OpenCores

About mult instruction: Multiplication instructions must be placed in the assembly code so that they are searched by pipeline 1,
after, place a nop instruction (or one that doesn't depend of the multiplication's result) and the mflo/mfhi following the nop. See f8o.lst (remove the nops!) in benchmark folder for an example of stream nature program (fft) note the samples must be pre-tested in a math software to check if the result will not be real since the core does not deal with floating point numbers. And take a look at m6x.lst (6x6 matrix multiplication) for an example of memory access nature program not needing of nops to allow time for the multiplication result to be stable

About mult2 instruction: This instruction is useful for operands with a maximum 16 (the 16 least significants) bits significants out of 32 from the source . Otherwise the result will be wrong. Both pipes can fetch it since it does not depend on the mflo instruction and already saves the 32-bit result in the register bank. Following, insert a nop or one instruction that doesn't depend of the multiplication's result.

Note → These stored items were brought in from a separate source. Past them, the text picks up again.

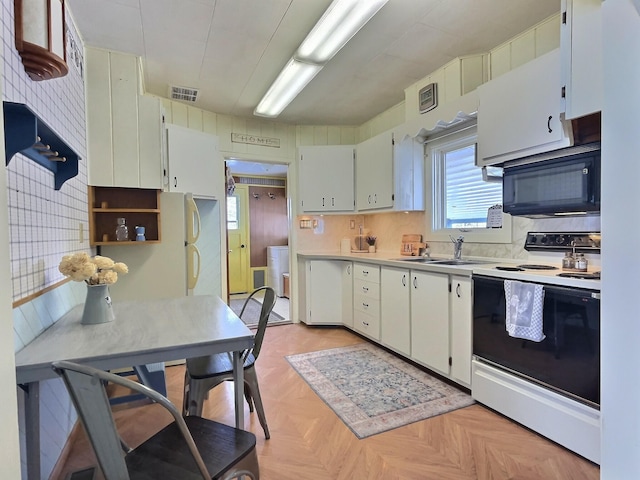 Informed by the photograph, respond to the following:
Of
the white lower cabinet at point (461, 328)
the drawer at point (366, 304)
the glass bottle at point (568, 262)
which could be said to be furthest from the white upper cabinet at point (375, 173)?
the glass bottle at point (568, 262)

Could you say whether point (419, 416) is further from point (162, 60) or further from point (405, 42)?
point (162, 60)

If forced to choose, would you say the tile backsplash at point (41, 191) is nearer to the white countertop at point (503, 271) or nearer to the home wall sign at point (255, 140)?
the home wall sign at point (255, 140)

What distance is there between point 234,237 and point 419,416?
5024 millimetres

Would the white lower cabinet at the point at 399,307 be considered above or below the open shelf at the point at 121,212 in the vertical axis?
below

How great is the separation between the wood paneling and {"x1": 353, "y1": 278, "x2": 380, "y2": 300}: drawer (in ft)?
11.0

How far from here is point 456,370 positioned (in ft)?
8.23

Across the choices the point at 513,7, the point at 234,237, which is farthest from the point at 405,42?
the point at 234,237

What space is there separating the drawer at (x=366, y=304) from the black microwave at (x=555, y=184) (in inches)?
60.4

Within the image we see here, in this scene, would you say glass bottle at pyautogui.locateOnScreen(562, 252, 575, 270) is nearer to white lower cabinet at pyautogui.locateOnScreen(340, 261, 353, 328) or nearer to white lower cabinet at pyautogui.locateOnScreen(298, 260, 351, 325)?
white lower cabinet at pyautogui.locateOnScreen(340, 261, 353, 328)

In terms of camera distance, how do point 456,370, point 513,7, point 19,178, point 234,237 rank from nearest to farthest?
point 19,178, point 513,7, point 456,370, point 234,237

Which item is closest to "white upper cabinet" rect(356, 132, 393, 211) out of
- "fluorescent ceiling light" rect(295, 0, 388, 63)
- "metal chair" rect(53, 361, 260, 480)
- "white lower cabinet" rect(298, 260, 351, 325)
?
"white lower cabinet" rect(298, 260, 351, 325)

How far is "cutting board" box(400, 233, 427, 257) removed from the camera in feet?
11.8

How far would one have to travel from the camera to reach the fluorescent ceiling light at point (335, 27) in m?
2.02

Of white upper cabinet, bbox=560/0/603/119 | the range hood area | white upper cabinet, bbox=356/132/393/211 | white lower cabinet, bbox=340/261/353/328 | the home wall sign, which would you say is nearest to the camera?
the range hood area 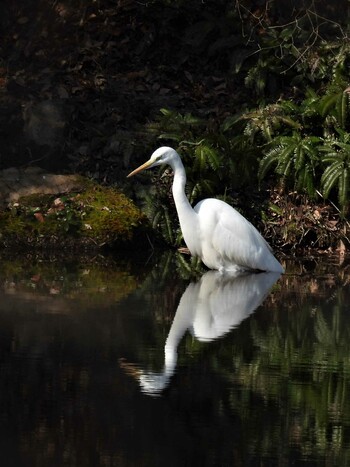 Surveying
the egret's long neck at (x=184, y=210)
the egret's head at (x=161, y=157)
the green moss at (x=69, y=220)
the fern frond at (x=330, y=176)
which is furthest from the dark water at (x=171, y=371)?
the fern frond at (x=330, y=176)

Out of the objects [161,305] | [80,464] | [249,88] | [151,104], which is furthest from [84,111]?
[80,464]

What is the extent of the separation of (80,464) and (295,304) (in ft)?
19.2

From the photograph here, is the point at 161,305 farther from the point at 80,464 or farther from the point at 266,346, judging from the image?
the point at 80,464

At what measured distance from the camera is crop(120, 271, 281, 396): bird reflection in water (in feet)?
28.0

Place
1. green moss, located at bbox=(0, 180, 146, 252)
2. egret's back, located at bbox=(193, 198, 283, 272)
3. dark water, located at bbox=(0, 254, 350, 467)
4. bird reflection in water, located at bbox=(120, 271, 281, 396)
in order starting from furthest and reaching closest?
green moss, located at bbox=(0, 180, 146, 252), egret's back, located at bbox=(193, 198, 283, 272), bird reflection in water, located at bbox=(120, 271, 281, 396), dark water, located at bbox=(0, 254, 350, 467)

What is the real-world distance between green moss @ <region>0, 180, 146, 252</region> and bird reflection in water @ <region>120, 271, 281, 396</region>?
1.89 metres

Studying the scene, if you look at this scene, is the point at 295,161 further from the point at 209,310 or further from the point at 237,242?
the point at 209,310

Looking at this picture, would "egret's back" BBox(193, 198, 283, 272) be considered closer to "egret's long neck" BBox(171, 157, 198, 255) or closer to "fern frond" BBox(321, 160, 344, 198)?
"egret's long neck" BBox(171, 157, 198, 255)

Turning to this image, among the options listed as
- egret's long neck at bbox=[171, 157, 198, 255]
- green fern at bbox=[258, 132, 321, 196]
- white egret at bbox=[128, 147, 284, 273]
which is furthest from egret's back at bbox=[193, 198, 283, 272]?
green fern at bbox=[258, 132, 321, 196]

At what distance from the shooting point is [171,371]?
8609 millimetres

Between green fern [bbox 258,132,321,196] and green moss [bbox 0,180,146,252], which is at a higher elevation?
green fern [bbox 258,132,321,196]

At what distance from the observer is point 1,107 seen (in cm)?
1894

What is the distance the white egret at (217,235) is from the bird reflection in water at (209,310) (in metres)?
0.18

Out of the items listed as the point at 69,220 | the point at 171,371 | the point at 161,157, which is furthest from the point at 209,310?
the point at 69,220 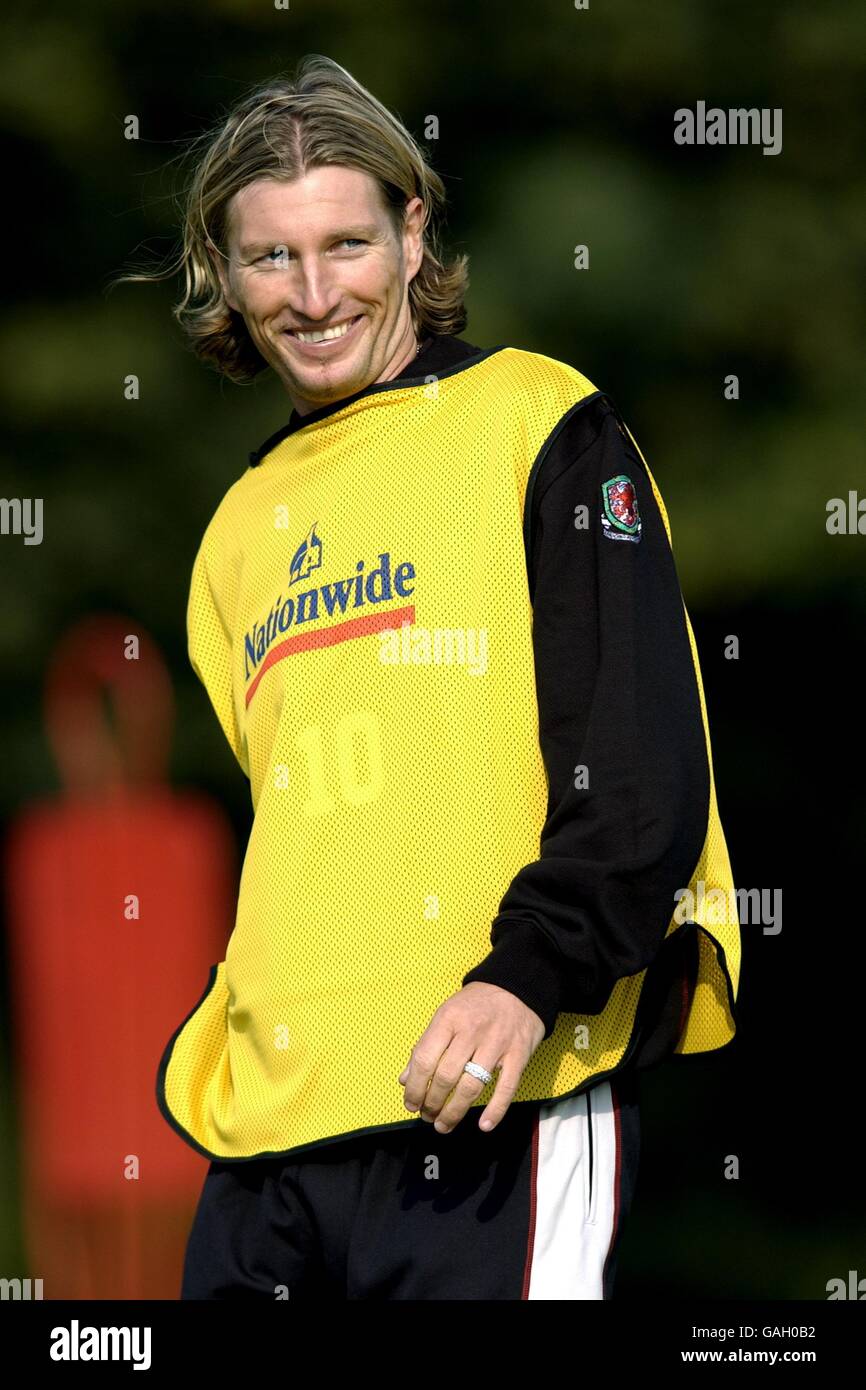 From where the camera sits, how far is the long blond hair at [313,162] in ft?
6.86

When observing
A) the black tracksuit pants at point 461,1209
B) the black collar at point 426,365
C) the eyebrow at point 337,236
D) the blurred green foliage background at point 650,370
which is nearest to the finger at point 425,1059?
the black tracksuit pants at point 461,1209

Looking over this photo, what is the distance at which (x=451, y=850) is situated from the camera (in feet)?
6.01

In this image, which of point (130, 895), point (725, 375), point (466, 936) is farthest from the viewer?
point (725, 375)

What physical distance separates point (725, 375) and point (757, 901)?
104 cm

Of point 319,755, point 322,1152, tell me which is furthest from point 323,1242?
point 319,755

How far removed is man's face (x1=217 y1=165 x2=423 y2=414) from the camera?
2.06 meters

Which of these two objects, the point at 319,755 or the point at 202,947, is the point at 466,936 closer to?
the point at 319,755

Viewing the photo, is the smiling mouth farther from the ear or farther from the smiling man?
the ear

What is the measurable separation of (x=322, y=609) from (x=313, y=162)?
1.50 feet

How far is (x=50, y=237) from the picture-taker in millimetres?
4273

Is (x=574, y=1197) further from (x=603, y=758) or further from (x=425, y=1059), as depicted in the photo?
(x=603, y=758)

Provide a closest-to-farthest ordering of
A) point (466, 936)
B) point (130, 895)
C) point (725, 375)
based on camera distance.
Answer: point (466, 936), point (130, 895), point (725, 375)

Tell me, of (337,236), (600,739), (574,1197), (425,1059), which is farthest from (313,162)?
(574,1197)

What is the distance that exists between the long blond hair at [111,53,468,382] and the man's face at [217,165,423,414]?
0.8 inches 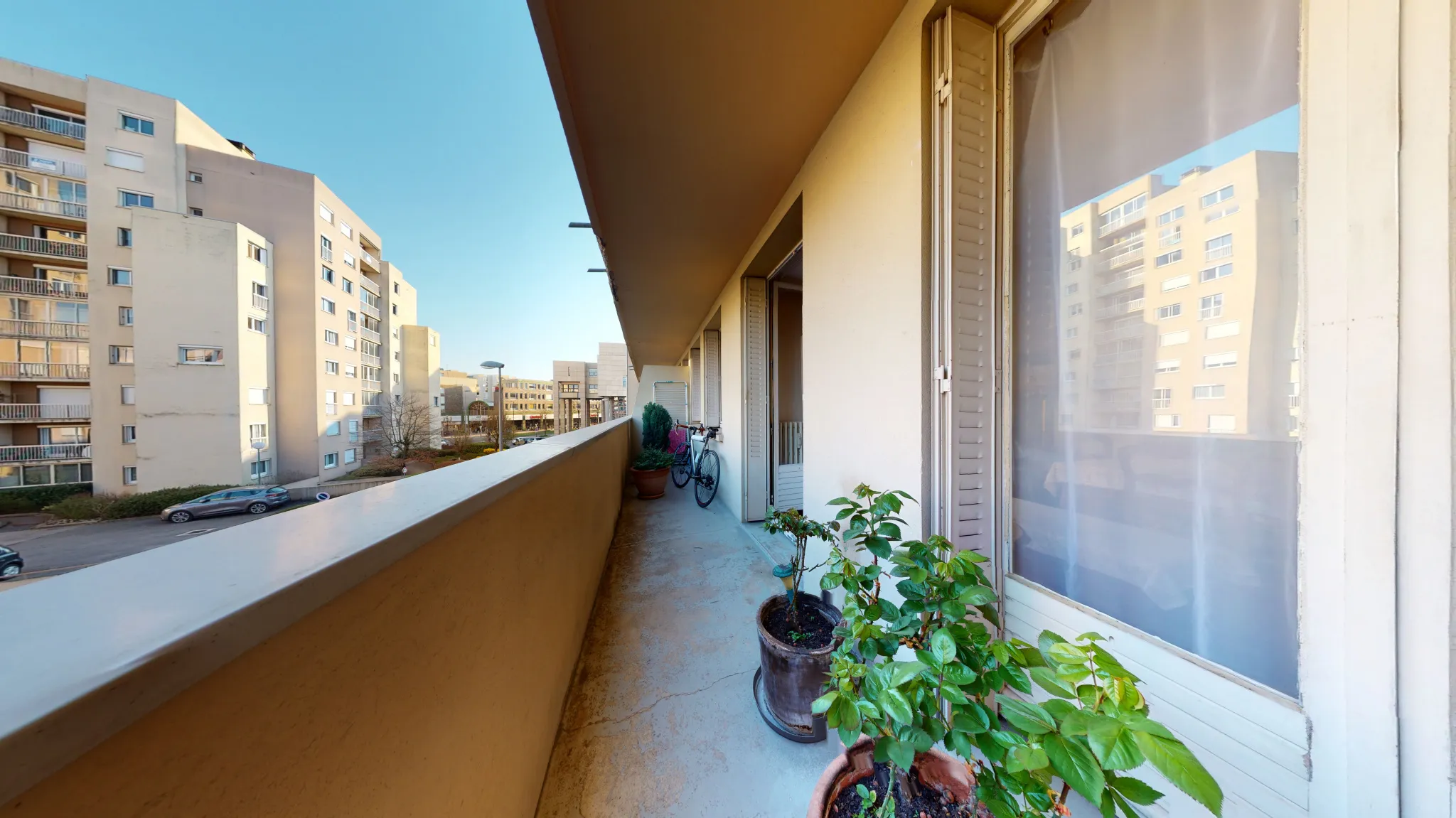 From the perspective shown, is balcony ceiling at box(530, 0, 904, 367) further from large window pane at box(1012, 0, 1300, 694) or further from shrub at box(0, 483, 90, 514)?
shrub at box(0, 483, 90, 514)

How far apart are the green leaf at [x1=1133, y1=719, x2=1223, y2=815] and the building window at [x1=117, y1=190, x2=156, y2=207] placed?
7074 mm

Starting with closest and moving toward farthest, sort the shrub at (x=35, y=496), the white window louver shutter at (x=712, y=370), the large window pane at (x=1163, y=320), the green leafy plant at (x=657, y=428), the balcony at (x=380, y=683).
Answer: the balcony at (x=380, y=683) < the large window pane at (x=1163, y=320) < the shrub at (x=35, y=496) < the white window louver shutter at (x=712, y=370) < the green leafy plant at (x=657, y=428)

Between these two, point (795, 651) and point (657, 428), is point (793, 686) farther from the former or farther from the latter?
point (657, 428)

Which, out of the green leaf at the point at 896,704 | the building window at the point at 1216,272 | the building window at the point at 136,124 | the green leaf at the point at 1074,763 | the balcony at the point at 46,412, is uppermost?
the building window at the point at 136,124

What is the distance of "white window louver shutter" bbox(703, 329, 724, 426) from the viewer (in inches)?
211

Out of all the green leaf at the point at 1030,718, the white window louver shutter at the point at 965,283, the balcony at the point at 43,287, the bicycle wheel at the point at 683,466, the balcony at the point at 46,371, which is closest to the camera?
the green leaf at the point at 1030,718

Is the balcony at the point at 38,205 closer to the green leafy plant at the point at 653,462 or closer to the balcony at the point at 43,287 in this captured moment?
the balcony at the point at 43,287

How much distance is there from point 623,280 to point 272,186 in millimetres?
6561

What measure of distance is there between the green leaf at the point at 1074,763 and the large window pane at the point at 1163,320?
64 centimetres

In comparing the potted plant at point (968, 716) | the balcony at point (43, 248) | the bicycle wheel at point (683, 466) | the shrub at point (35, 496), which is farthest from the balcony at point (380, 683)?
the balcony at point (43, 248)

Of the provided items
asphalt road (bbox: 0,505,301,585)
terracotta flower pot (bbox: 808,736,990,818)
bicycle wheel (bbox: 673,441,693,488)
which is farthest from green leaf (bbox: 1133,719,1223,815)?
bicycle wheel (bbox: 673,441,693,488)

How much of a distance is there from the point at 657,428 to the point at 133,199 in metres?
5.77

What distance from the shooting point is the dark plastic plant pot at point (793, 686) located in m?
1.44

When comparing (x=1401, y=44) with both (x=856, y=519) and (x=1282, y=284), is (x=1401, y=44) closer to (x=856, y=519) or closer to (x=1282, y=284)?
(x=1282, y=284) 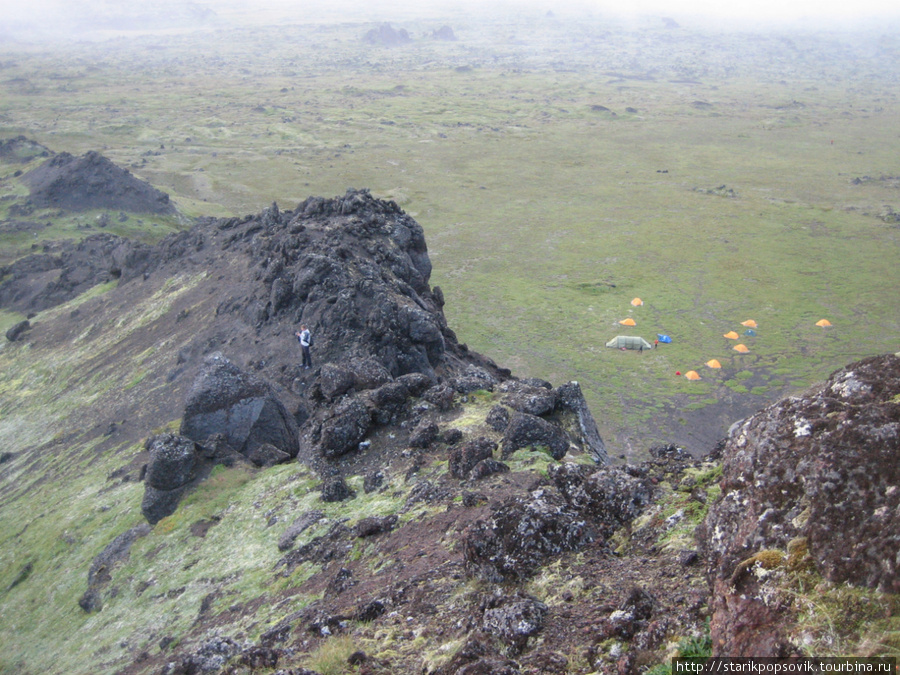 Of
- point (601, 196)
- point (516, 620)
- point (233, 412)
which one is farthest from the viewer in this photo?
point (601, 196)

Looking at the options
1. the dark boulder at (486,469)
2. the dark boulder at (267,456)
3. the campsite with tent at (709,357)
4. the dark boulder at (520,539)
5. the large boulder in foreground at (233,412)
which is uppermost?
the dark boulder at (520,539)

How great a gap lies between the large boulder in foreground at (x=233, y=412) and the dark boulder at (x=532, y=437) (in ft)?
27.1

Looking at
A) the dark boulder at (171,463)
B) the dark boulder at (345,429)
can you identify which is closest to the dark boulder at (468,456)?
the dark boulder at (345,429)

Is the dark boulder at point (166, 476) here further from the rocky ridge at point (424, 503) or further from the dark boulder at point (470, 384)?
the dark boulder at point (470, 384)

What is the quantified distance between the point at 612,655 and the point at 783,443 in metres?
3.46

About sw and lw instructions: These instructions must be placed at adjacent addresses when there are more than one in a piece of code, whatever the quantity. If the quantity is even, it is better because each pipeline will make an equal number of instructions for accessing memory. If the quantity is odd, one of the pipelines will make one more memory access instruction than the other, then one lw or sw instruction should be placed after the last memory access instruction in the code so that the pipelines have equal amount of memory access instructions. An exception is when there is only one sw statement, see the matrix multiplication program in the benchmarks folder. The two pipelines must always be executing instructions at adjacent addresses, so they will be collaborating to finish executing the program more quickly. They cannot open distance from each other or the program will fail.